**ASSIGNMENT:** Take the line containing "Veioza pentru copii" through the last line of the data and retype those lines exactly. Pictures do not belong in the copy.

**MATERIAL FOR THE TASK:**
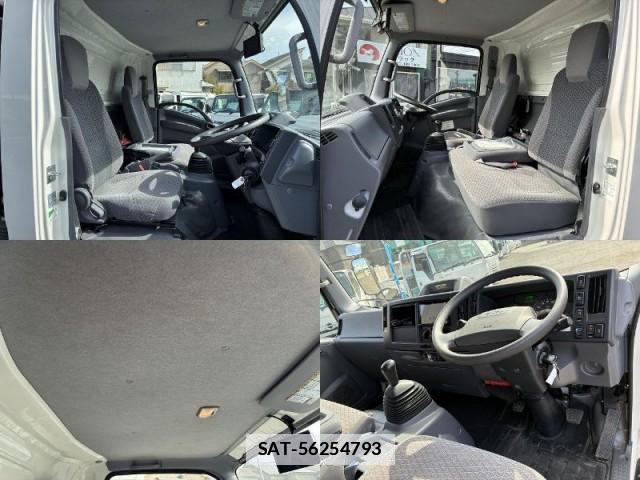 Isuzu ELF TRUCK 2020-08 7817905-14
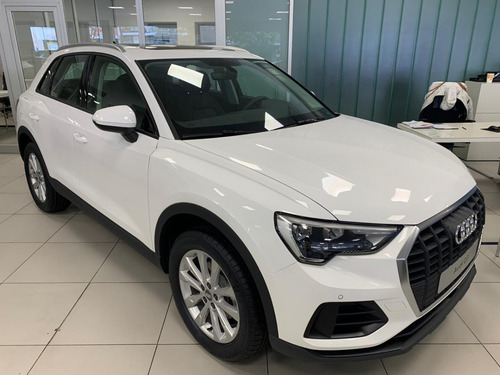 Imagen 2 de 15 de Audi Q3 35 Tfsi 1.4 T 150cv Stronic Suv 2020 0km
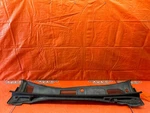 2009 Lexus ES350 - Windshield Wiper Cowl Trim Plastic Oem Factory #244. Fixed Price $149.95.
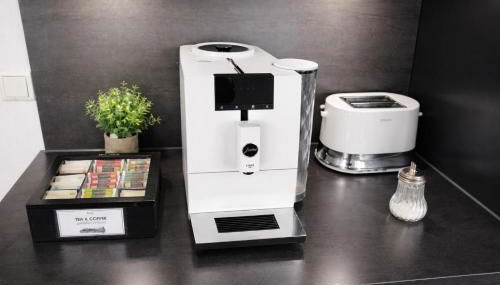 Allgäu Space - Foto 3, toaster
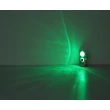 Veioza pentru copii Globo COSMO plastic, argintiu, gri, albastru, alb, rosu,  RGB-LED, 4.5W - 28084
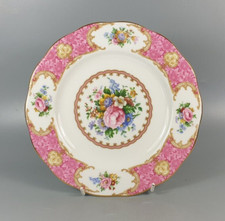 ROYAL ALBERT LADY CARLYLE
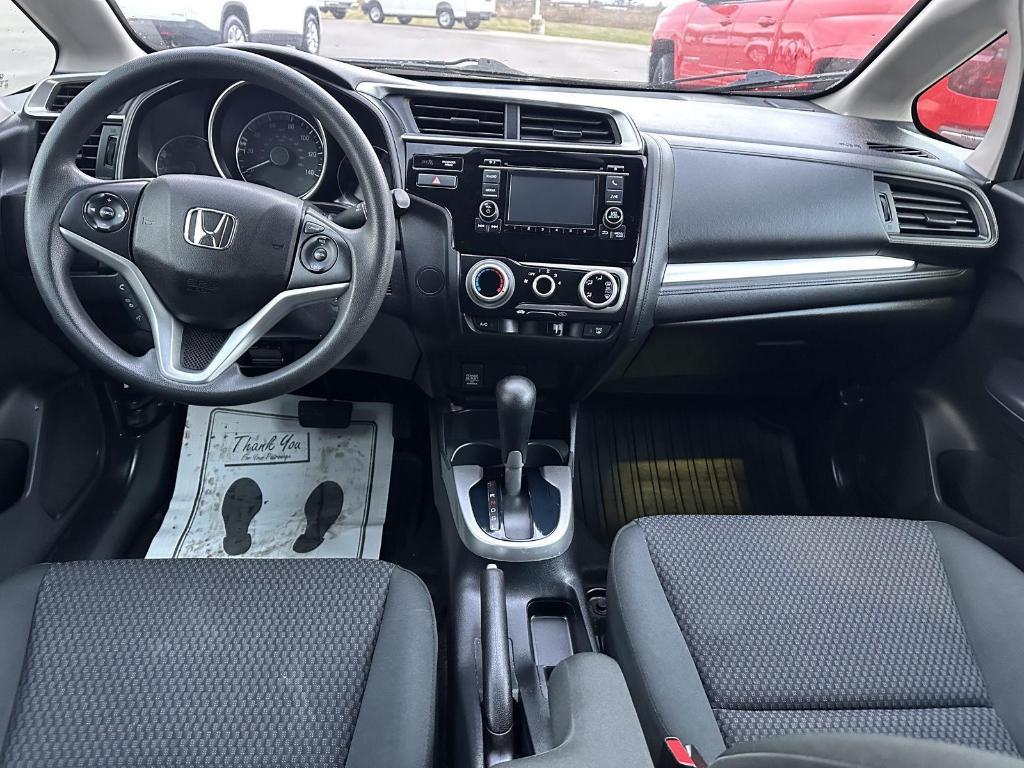 used 2020 Honda Fit car, priced at $15,989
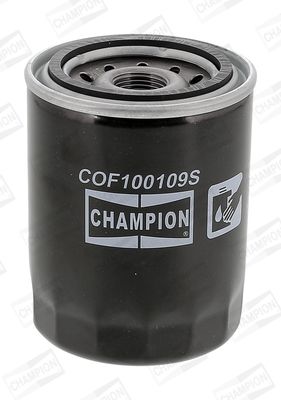 Фильтр масляный - Champion COF100109S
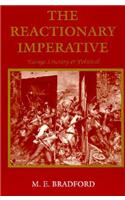 Reactionary Imperative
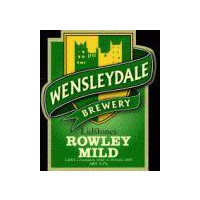 Wensleydale Lidstone's Rowley Mild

**ANSWER BOX:**
 Veioza pentru copii Globo COSMO plastic, argintiu, gri, albastru, alb, rosu,  RGB-LED, 4.5W - 28084
 ROYAL ALBERT LADY CARLYLE
 used 2020 Honda Fit car, priced at $15,989
 Фильтр масляный - Champion COF100109S
 Reactionary Imperative
 Wensleydale Lidstone's Rowley Mild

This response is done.